Il y a trois semaines, tous les médias l’encensaient. C’était Macron le réconciliateur, Macron le pacificateur, Macron le petit génie de la diplomatie. Même Trump ne lui en a pas voulu de sa « surprise » : la venue imprévue du ministre iranien des Affaires étrangères.
Tous, acteurs et observateurs, étaient touchés par la grâce de « l’esprit de Biarritz », comme il y eut naguère « l’esprit de Locarno », qui devait réconcilier les Français et les Allemands après la Grande Guerre.

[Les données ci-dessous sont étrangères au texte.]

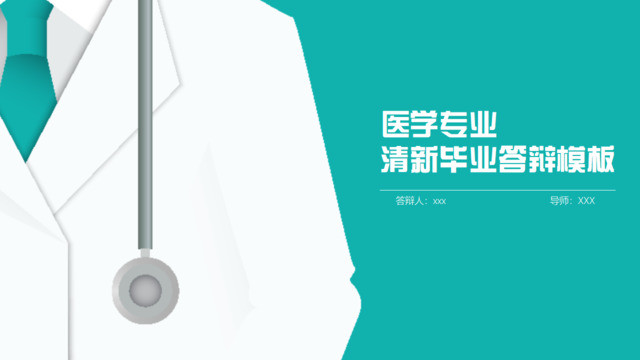 封面283625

Dans cette affaire, Emmanuel Macron s’est voulu l’émule du général de Gaulle ; il risque de finir comme Aristide Briand. Floué par plus retors que lui et ridiculisé pour naïveté. Mais ne tirons pas trop sur le pianiste ! Ou plutôt, tirons aussi sur ceux qui tirent sur le pianiste.

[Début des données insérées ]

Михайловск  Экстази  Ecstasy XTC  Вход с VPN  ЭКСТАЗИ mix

En France, les atlantistes, les droits-de-l’hommistes, les partisans de la guerre à Assad, les soutiens à tous crins d’Israël, les obligés de l’Arabie saoudite, rassemblés dans une même coalition hétéroclite, à l’instar de leurs divers parrains étrangers. Tous s’émeuvent avec raison de l’excessive puissance iranienne au Moyen-Orient. De son influence démesurée, prise sur le croissant qui relie Damas, Beyrouth, Bagdad, Sanaa. De la force de ses milices armées du Hezbollah qui menacent la supériorité de l’armée israélienne et les puits de pétrole saoudiens. Des risques que fait peser l’ambition nucléaire iranienne sur la paix dans la région et donc dans le monde.
Mais qui a fait le lit de l’impérialisme perse ? Qui a abattu l’Irakien Saddam Hussein qui seul résistait à l’expansionnisme chiite ? Qui a ramené l’Irak à l’âge de la pierre au nom de la démocratie ? Qui a provoqué ainsi l’émergence de Daech, fanatiques de l’islam dirigés par d’anciens officiers de l’armée de Saddam Hussein ? Qui a désagrégé le voisin syrien ? Qui a voulu la mort d’Assad, le contraignant à appeler au secours Iraniens et Russes, ses seuls défenseurs ? Qui a occupé le Liban, métamorphosant le Hezbollah, aux yeux même des patriotes libanais chrétiens comme le général Aoun, en dernier rempart de l’intégrité territoriale libanaise ? Qui, enfin, a abattu Kadhafi après qu’il eut renoncé à l’arme atomique (comme Saddam Hussein !) ?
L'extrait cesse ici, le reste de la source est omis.